• _RECORDED DATA_:
____
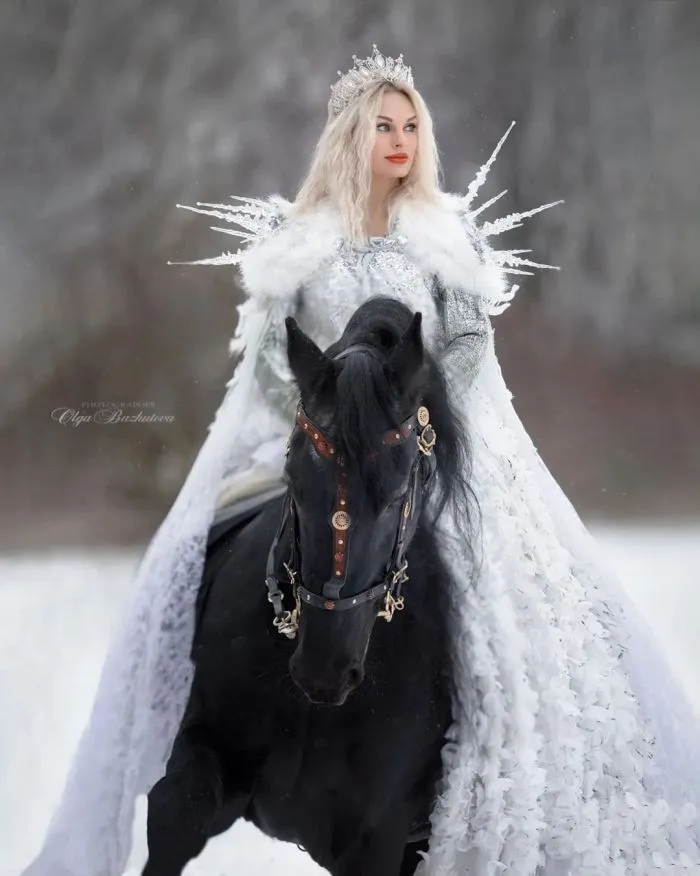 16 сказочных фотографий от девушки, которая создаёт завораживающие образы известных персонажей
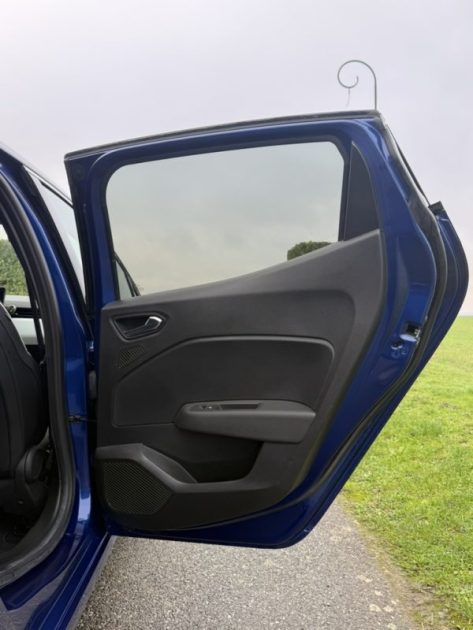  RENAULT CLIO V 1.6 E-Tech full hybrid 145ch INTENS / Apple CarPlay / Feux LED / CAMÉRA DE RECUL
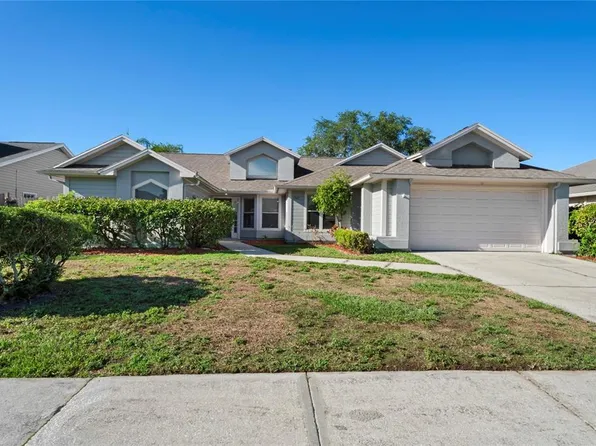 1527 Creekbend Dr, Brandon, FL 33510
____
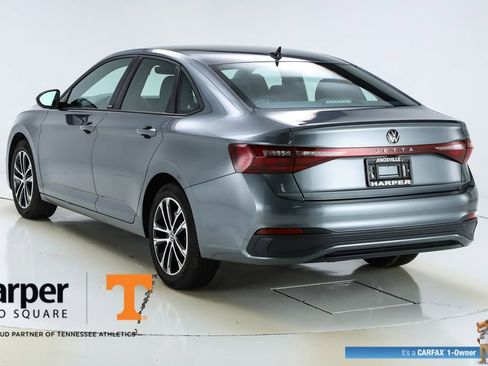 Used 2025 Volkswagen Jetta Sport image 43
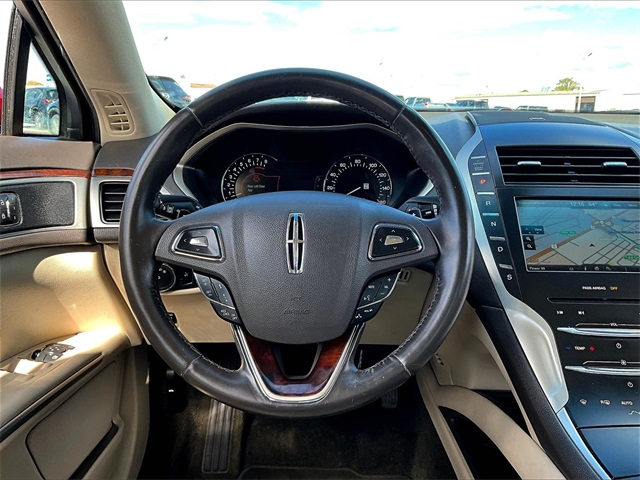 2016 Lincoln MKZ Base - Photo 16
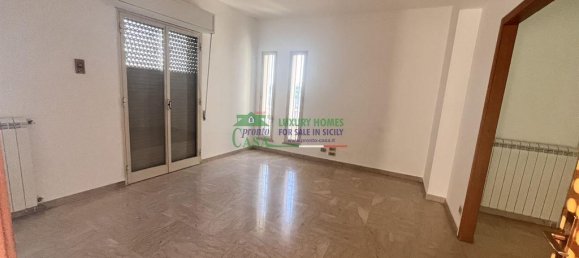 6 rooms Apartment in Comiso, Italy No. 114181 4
____
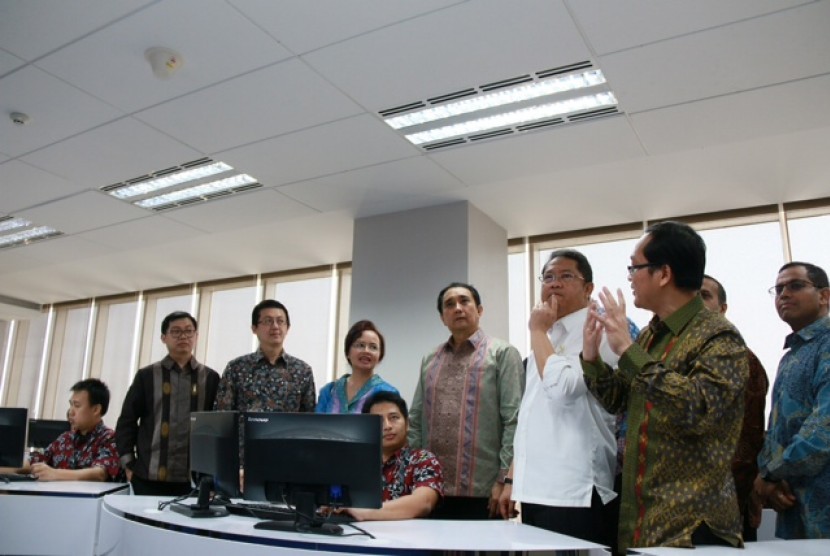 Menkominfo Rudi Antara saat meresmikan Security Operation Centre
____
Between and including the line above that contains "16 сказочных фотографий" and the line that contains "1527 Creekbend Dr, Brandon, FL 33510", restate every line word for word. Pictures stay out.

• _FINISHED TASK_:
 16 сказочных фотографий от девушки, которая создаёт завораживающие образы известных персонажей
  RENAULT CLIO V 1.6 E-Tech full hybrid 145ch INTENS / Apple CarPlay / Feux LED / CAMÉRA DE RECUL
 1527 Creekbend Dr, Brandon, FL 33510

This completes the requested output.